On a recent afternoon, Deanna Van Buren lead me through a thought exercise over Zoom. “Close your eyes,” she said through the screen. “And think of a courthouse. What do you see?”
“You probably see security, hard, institutional surfaces; there’s not a lot of texture, almost no natural light.” She goes on to list what else is missing, from windows that look out at nature to food or private spaces. “There’s nothing that takes care of the mind,” she continues. “It’s very much designed for the tenants and values of that system.”
Van Buren was referring to the criminal legal system and the spaces it relies on to purportedly ensure justice—namely, prisons, jails, courthouses, and detention centers. The architect has been questioning society’s historical take on justice through her design firm Designing Justice + Designing Spaces (DJDS), which seeks to end mass incarceration through architecture.
“What we’re doing doesn’t work.
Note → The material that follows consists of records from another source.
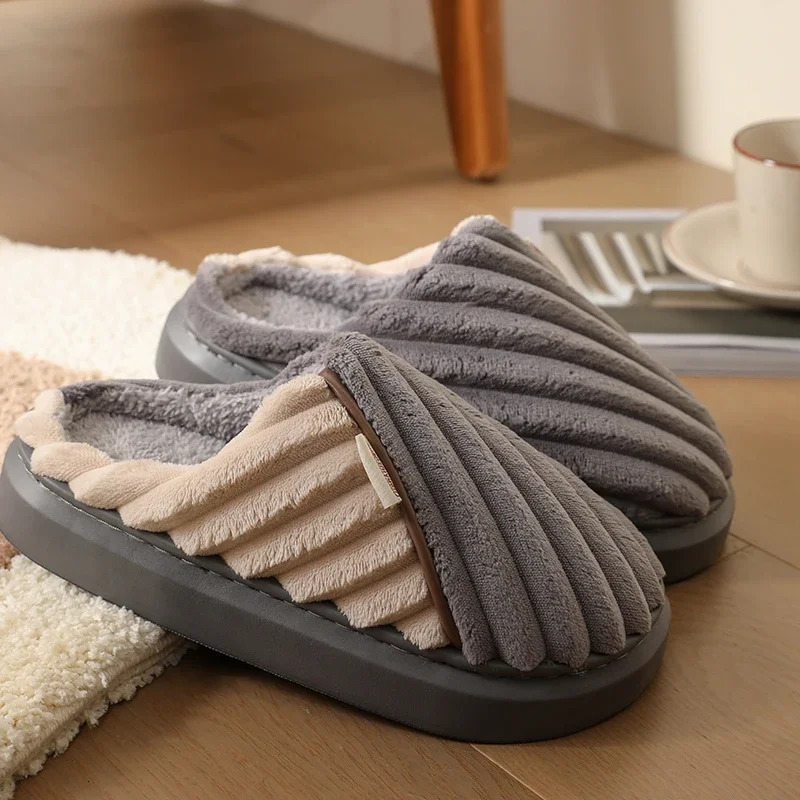 Winter mens warm slippers mens non slip soft shoes comfortable flat shoes indoor bedroom plush slippers oversized cotton shoes 241126
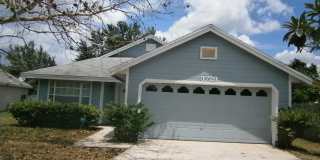 3/2 Single Family Home with EXTRA Large Backyard Gallery 1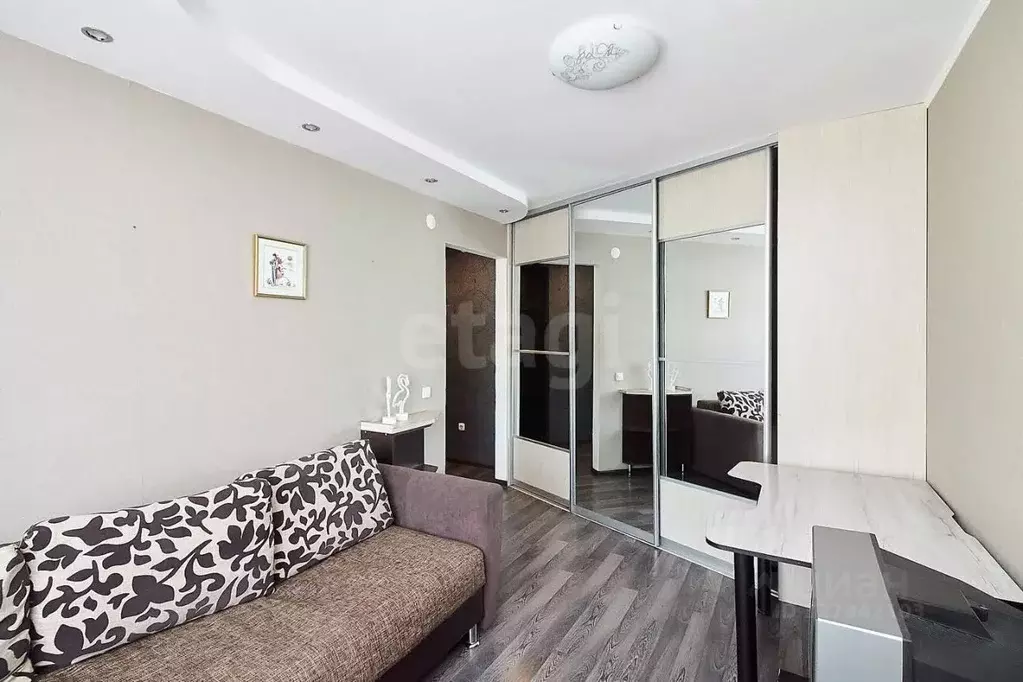 1-к кв. Тюменская область, Тюмень ул. Максима Горького, 10к1 (30.1 м) - Фото 1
It’s very expensive and it’s actually perpetuating harm,” she says of the U.S.’ current strategy for responding to crime. “They use the same plans to build these jails and prisons…whereas a million solutions need to be created [that are] more localized or place-based.”
A new vision for justice
DJDS’ vision is based on principles of abolition and what’s called “restorative justice.” This movement aims to replace punitive structures (e.g. prisons and jails) with programs and spaces that tackle the root cause of harm caused—financial, emotional, relational, or otherwise. Instead of confining someone for a crime they commit, DJDS and its partners believe in responding with mental healthcare, gainful employment, community accountability, substance abuse support, and whatever other resources are needed for all parties to feel restored.
Van Buren designed her first concept when she was five years old. Her school in rural Virginia had sent her home for punching a kid in the face. He had called her the N-word, and she was justifiably angry and scared. “I would run into the forest and build these little huts made out of twigs and leaves, and blankets I had taken from my mom,” she shared in her 2017 TED Talk. “As the light would stream into my refuge, I felt at peace.” These “healing huts” depict Van Buren’s first experience building a space that was meant to restore, to return her to a sense of calm after conflict. Decades later, she’s applying this same approach to entire community systems.
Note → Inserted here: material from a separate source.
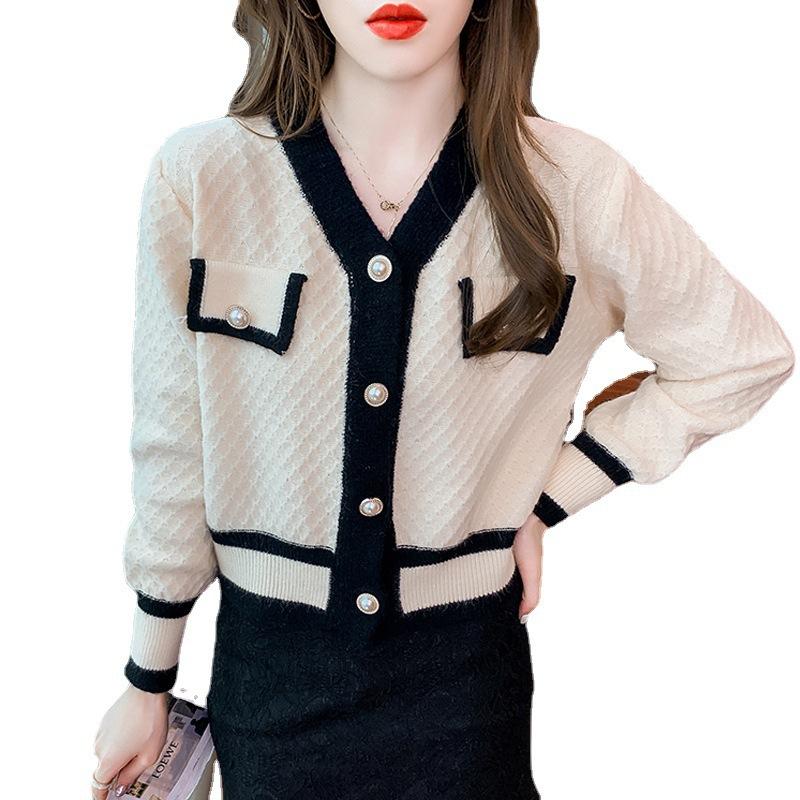 Single Breasted Knitted Sweater for Women Color Blocked Long Sleeved Sweater Women's College Style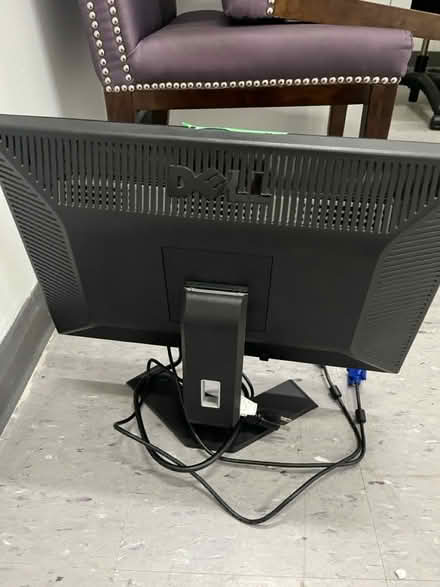 Photo of free Dell Monitor (VGA) (Midtown) #2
The idea that physical spaces can be an outlet for restorative justice is what sets Van Buren’s work apart. Be it healing huts or campuses dedicated to reentry, DJDS is making a concept like restorative justice—one that many claim is too utopic or even a bit jargony—more tangible. She is rooting the idea of a world without prisons, jails, and other channels for confinement in actual space.
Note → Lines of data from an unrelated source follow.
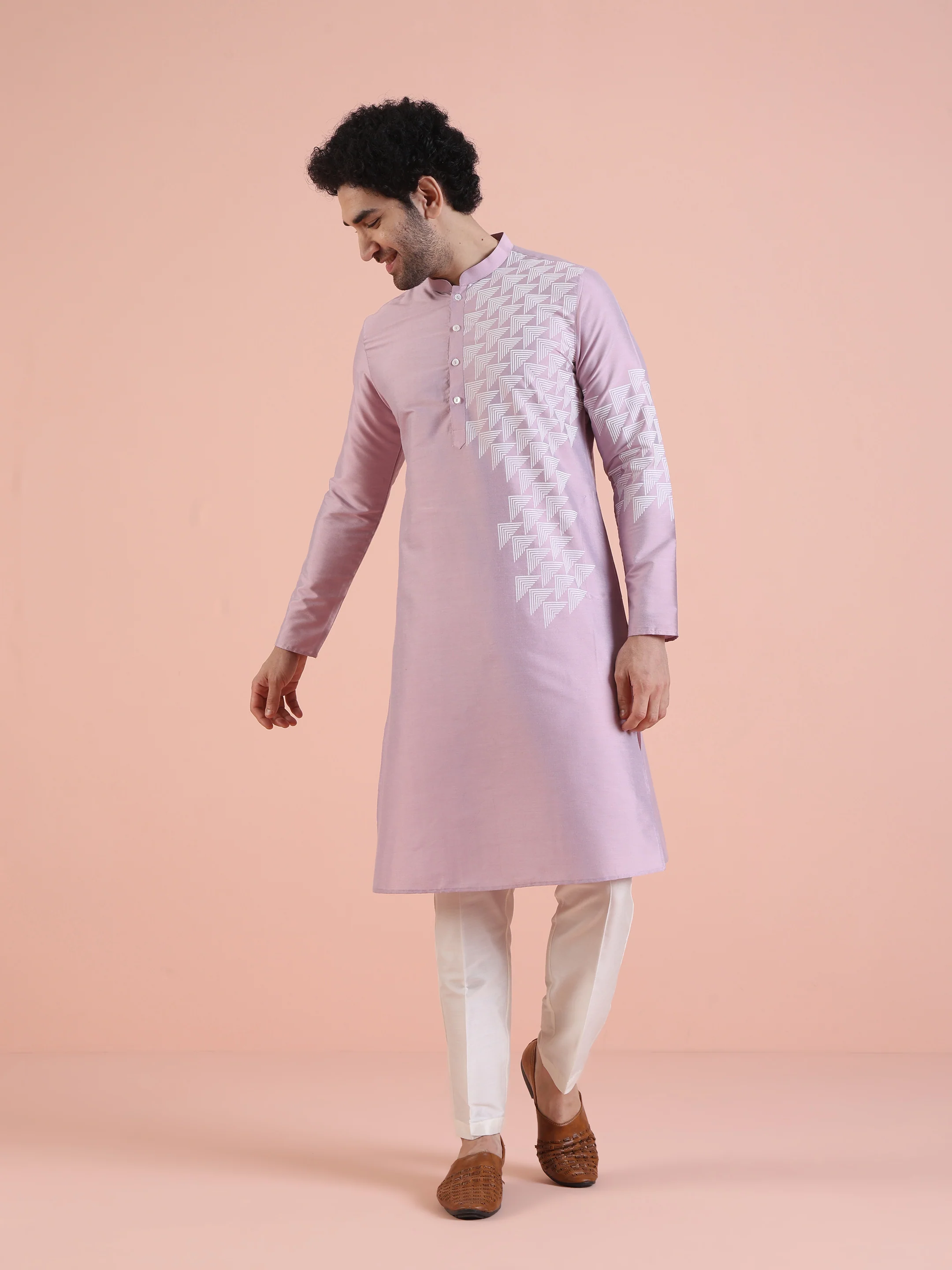 Men Onion pink Printed Kurta Trouser Set with Geometric - Image 8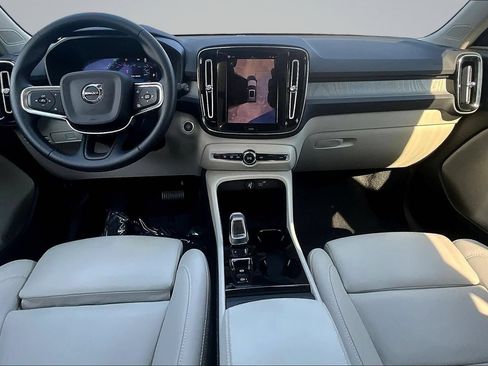 Used 2026 Volvo XC40 B5 Plus AWD/4WD image 8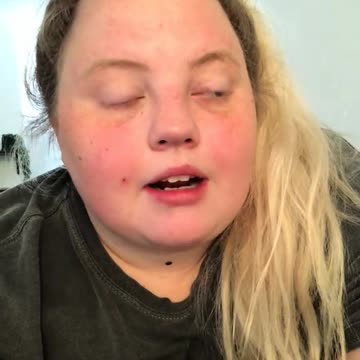 An amazing weight loss transformation. Her consistency for weight loss is admirable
A bigger purpose for architecture
Since its founding in 2017, DJDS has partnered on dozens of projects and has purchased real estate for their own developments to design spaces that reimagine what real public safety looks like. Take, for instance, the Peace Room the firm designed with Restore Oakland, a nonprofit resource and program hub that its Executive Director Tash Nguyen describes as a “community safety laboratory.”
Restore Oakland wanted a space to work through conflict. The organization often hold “circles”—a practice common in abolitionist company where, in some cases, people who have committed harm come together with people who have survived it to process life events and traumas. To build a space conducive to these conversations, DJDS’ started with a participatory design process that asked community members what colors, furniture, or resources they envisioned when they thought of healing. What did they need in order to feel taken care of while working through potentially difficult conversations?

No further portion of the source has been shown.